The group will shift production from its Groningen plant to its sister site in Nijkerk. The consolidation will allow the company to focus on fresh dairy goods, the company said.
The announcement comes as the EU's agreements on subsidies, made through the World Trade Organisation (WTO), are set to increase cost and competitive pressures on the bloc's processors.
With the changes in place, the European dairy market is expected to be more competitive, with less protection against imports from outside the bloc.
The changes has forced the group into developing a new long term strategy, entitled Vision 2015, in a bid to increase profitability within its operations.
As part of this focus, Friesland will spend €5m on expanding production and distribution capacity at the Nijkerk site to deal with demand formerly catered for over two plants.
From 1 November this year, the operations will be run by Friesland Foods Fresh, a new operating company, before production at Gronigen is fully phased out by mid-2008.
By adopting this new strategy the company said it expected to increase efficiency within dairy production, while reducing overheads related to the segment.
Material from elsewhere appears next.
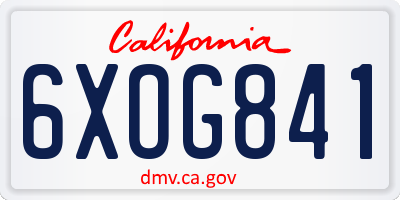 CA license plate 6XOG841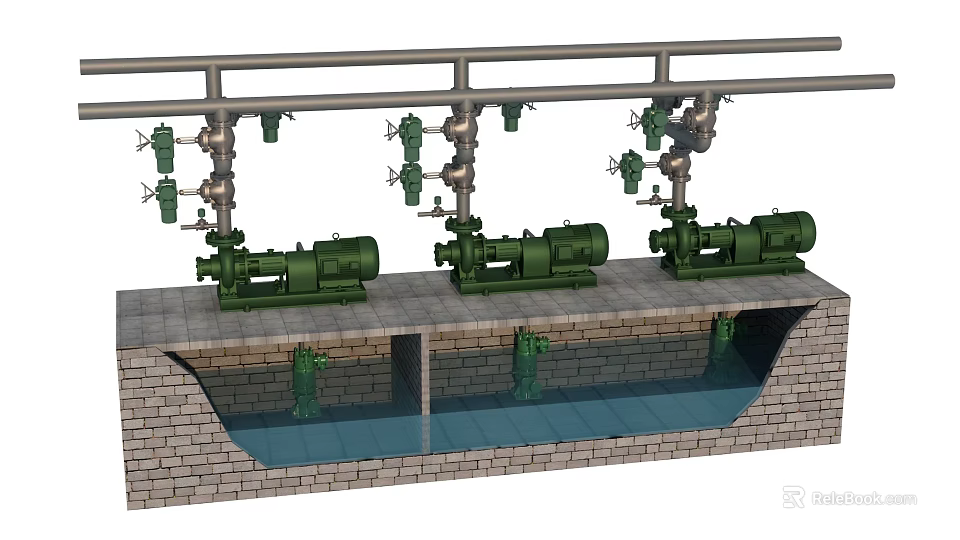 Industrial Equipment Configuration Featuring Green Pumps Metal Pipes Valves And Water Basin 3d model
It added that it will also maintain its ambitions to continue to supply fresh dairy products through Friesche Vlag and private labels brands.
Friesland's Vision 2015 long-term strategy identifies three key areas of its operations it will to focus on improving.
These include the extension of its fresh and long life cheese production, a greater focus on emerging markets like Asia, and the creation of a viable long-term ingredient business.